We will use language which is precise and accurate. I expect your spoken and written work to be in clear, meaningful, formal English appropriate to a classroom. The expression "whatever" is very popular on campus these days, yet most of the time it is the equivalent of the equally unhelpful and lazy "Ya know?" To say that slavery "sucks" is not only vulgar but does not say anything at all. Say what you mean; if you conclude that slavery is a vicious aberration of human behavior whereby one allegedly human group denies dignity and human rights to another group, then say so.

We will try to avoid any behaviors which demean or disparage individuals on the basis of their membership in particular groups (e.g., sexual orientation, gender, political ideology, physical or mental capacity, age, race, class, religion, etc.) We should all be able to expect a classroom community which is safe and comfortable. I would appreciate knowing if at any time you feel that something has been said or done which has interfered with your learning and participation in this class.

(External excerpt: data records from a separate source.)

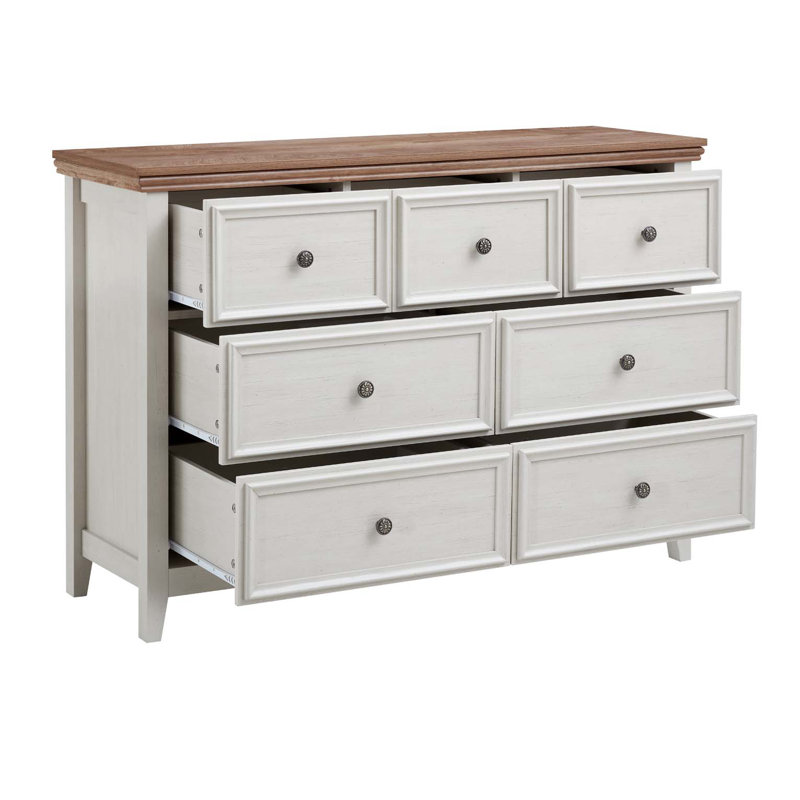 Delong Faux Wood 7-Drawer Dresser, Brown/Ivory
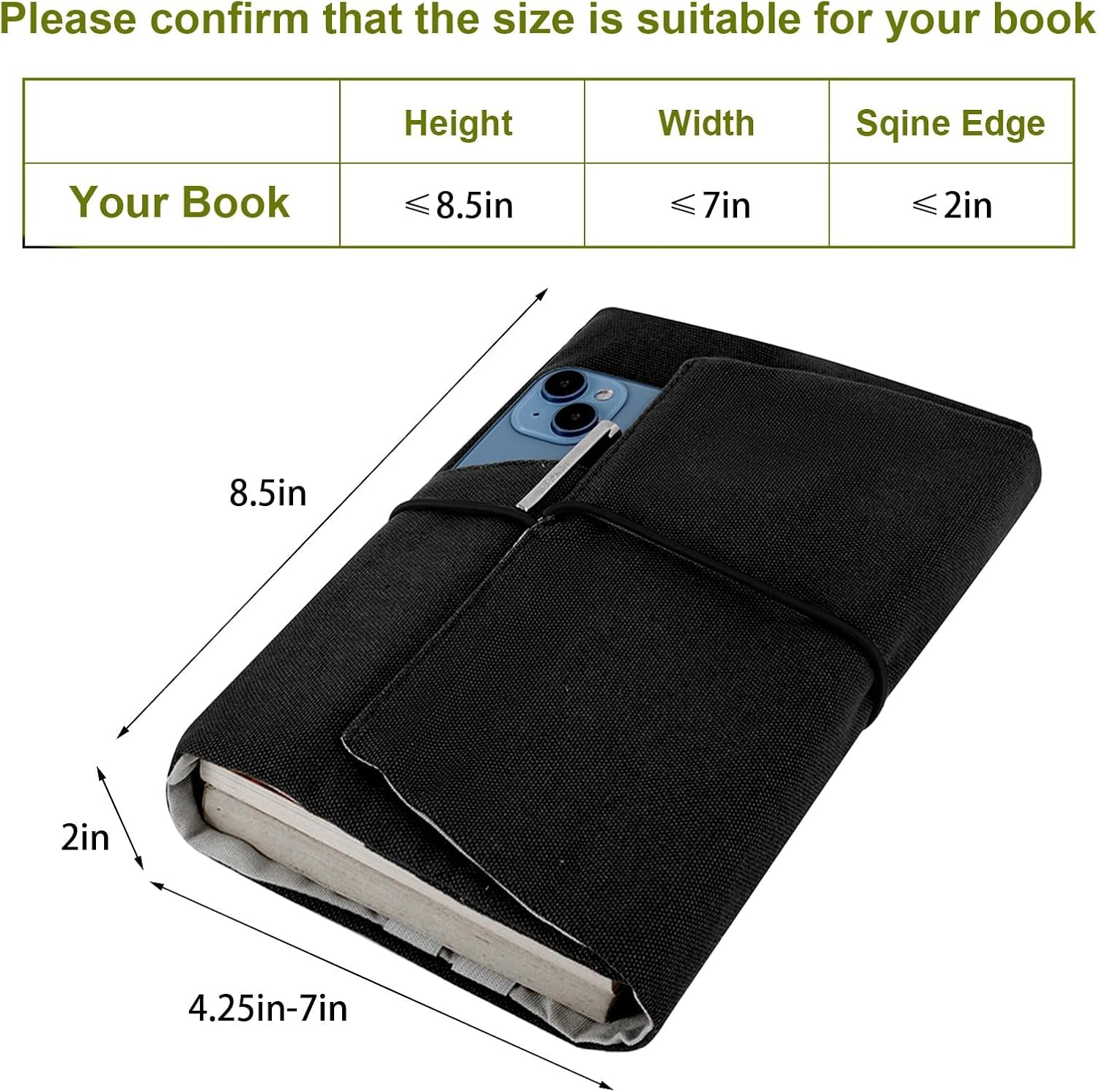 Canvas Book Cover Sleeve, Adjustable Washable Book Protector, for Hardcover/Paperbacks with Pockets for Pen, Elastic Cord Binding, Soft Book Covers, Bookish Gifts for Book Lovers (Black)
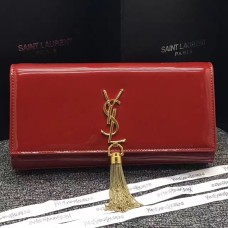 YSL Lakleer Tassel Clutch 27cm Rood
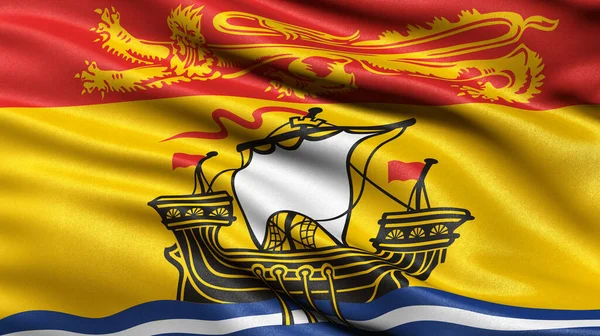 Σημαία Του New Brunswick Κυματίζει Στον Άνεμο Απεικόνιση — Φωτογραφία Αρχείου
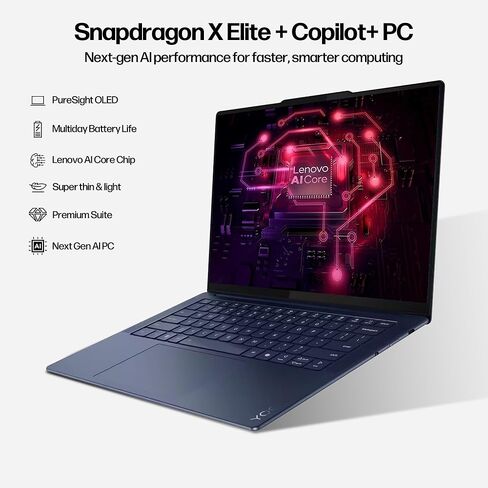 Lenovo Yoga Slim 7X 3K OLED Touchscreen Laptop, 14.5" 1000 nits Display, Snapdragon X Elite 12-Core NPU Copilot+ PC, 16GB RAM, 1TB SSD + 500GB Portable Drive, WiFi 7, Backlit, Stylus Pen, Win 11 Pro in Saudi Arabia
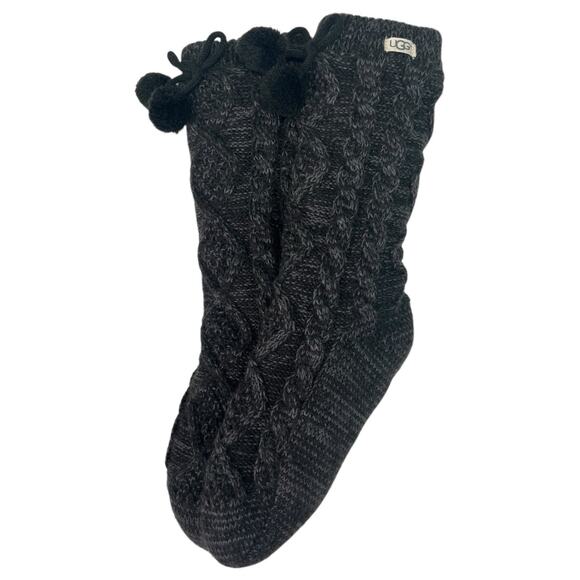 UGG Slipper Socks Womens Gray OS Knit Pom Pon Fleece Lined Crew Cozy Winter - Picture 1 of 8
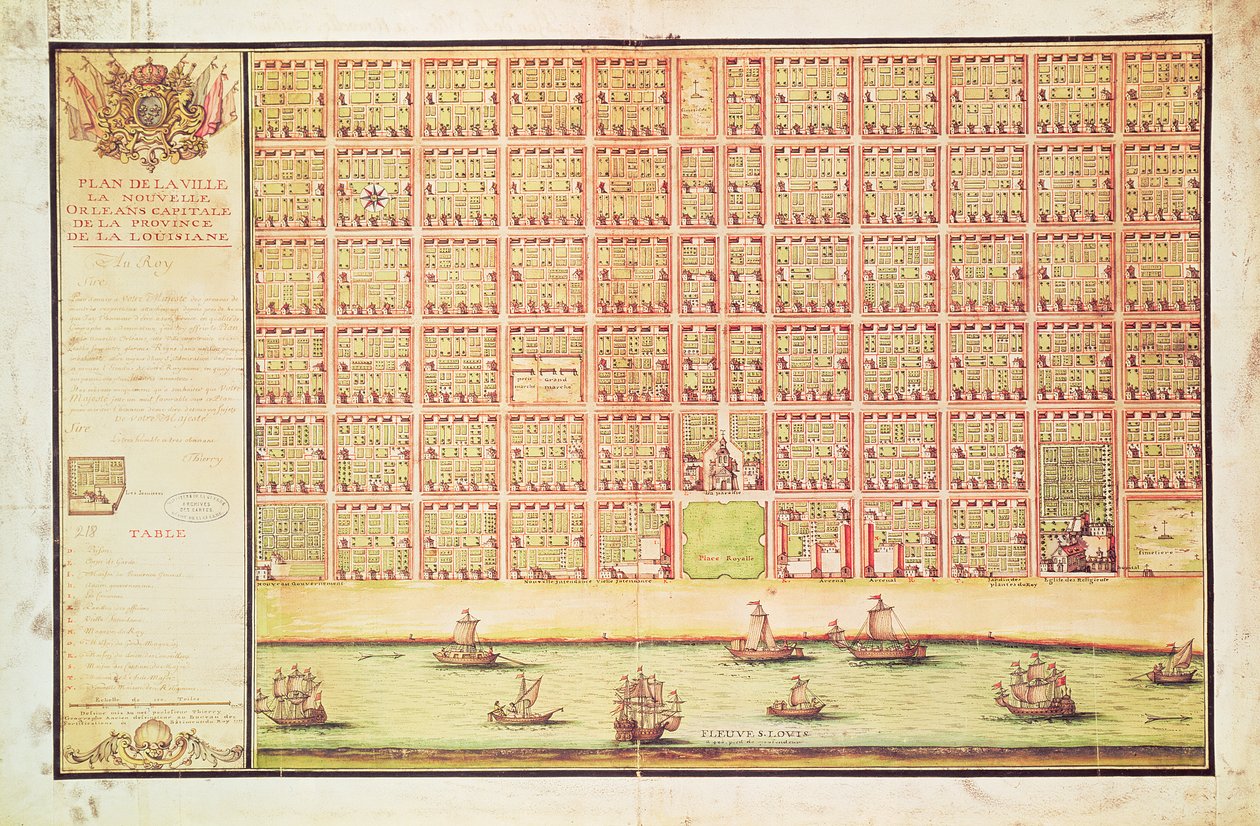 Plan of New Orleans, 1738 by French School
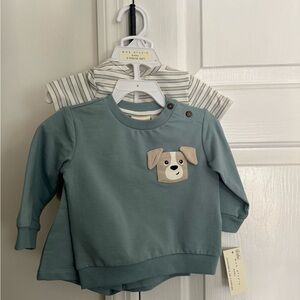 Max Studio Teal Sweatshirt with Puppy Patch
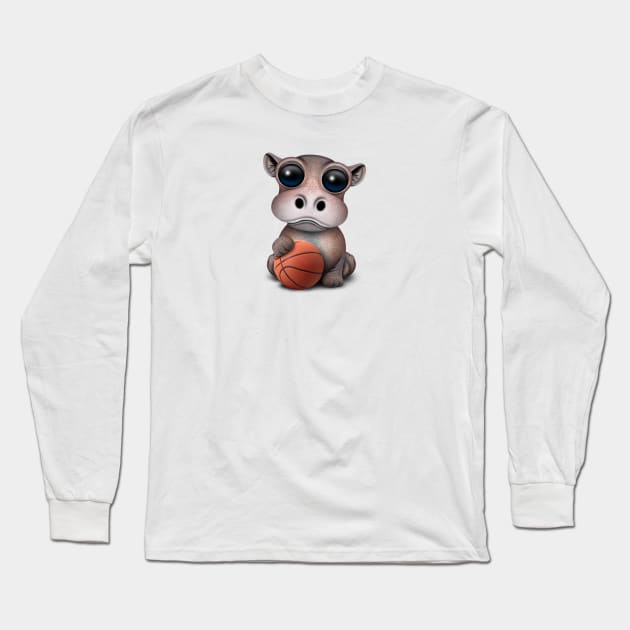 Cute Baby Hippo Playing With Basketball Long Sleeve T-Shirt by jeffbartels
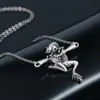 Pendant Necklaces Retro Cute Frog Necklace Vintage Unique Baby On Branch Animal For Women Men Gothic Jewelry WholesalePendant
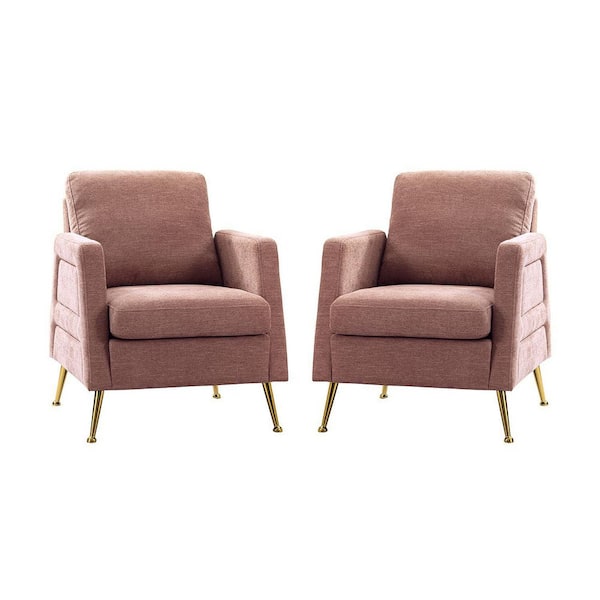 ARTFUL LIVING DESIGN Lluvia Blush Armchair With Metal Legs-S2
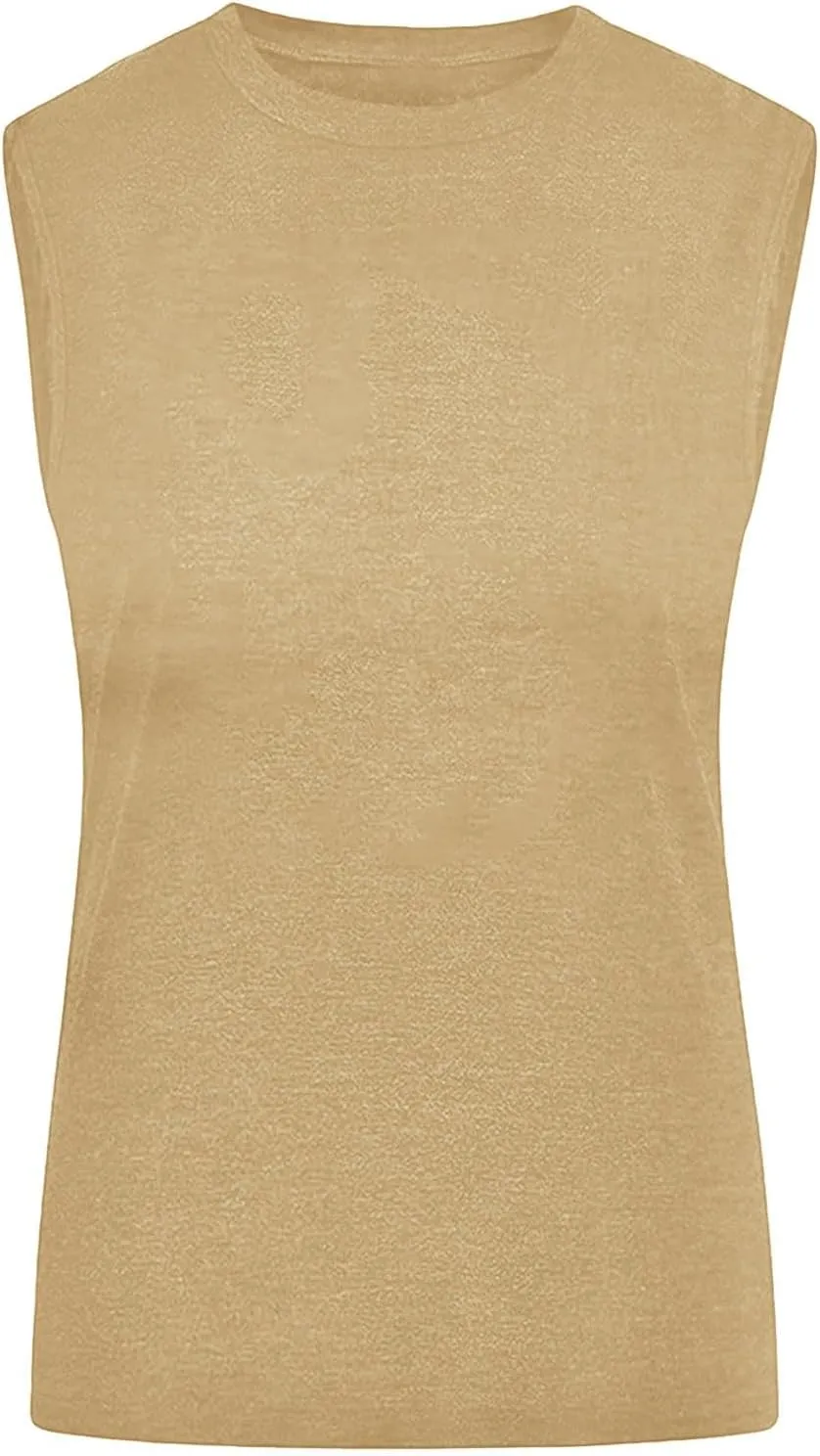 Womens Workout Elegant Sexy Cool O Neck Sleeveless Solid Breathable Tank Tops Shirt Beer Top for Women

Honesty: I expect you to do your own work, to take credit for your insights and creative answers and to take responsibility for reconsidering your own misinterpretations or errors. Consult the Miami University Student Handbook about cheating and other forms of academic dishonesty, but be warned that I do not take issues of academic dishonesty lightly. Penalties range from failure on an assignment to failure in the course. Tempted by the term papers available (@$6.00-9.00 a page) on the Web? Don't be. Bear this in mind: 1) it is dishonest to claim as your own work which you have not in fact done; 2) how do you know that the author of the paper knew what s/he was doing, looked at reputable sources, didn't plagiarize something we have written or a scholar whose work we know well has written; 3) we spend our time doing literary analysis, i.e., studying texts; what are the odds that we cannot detect plagiarism, and are you really willing to risk the consequences of our discovering it? Not sure what plagiarism is or if you have inadvertently committed it? Look at this site.

Finally: If you have a condition of any kind that will affect your ability to do the work assigned in this course, please see us within the first week of class. This self-disclosure will enable us to make adjustments that will allow all students to participate fully and equitably.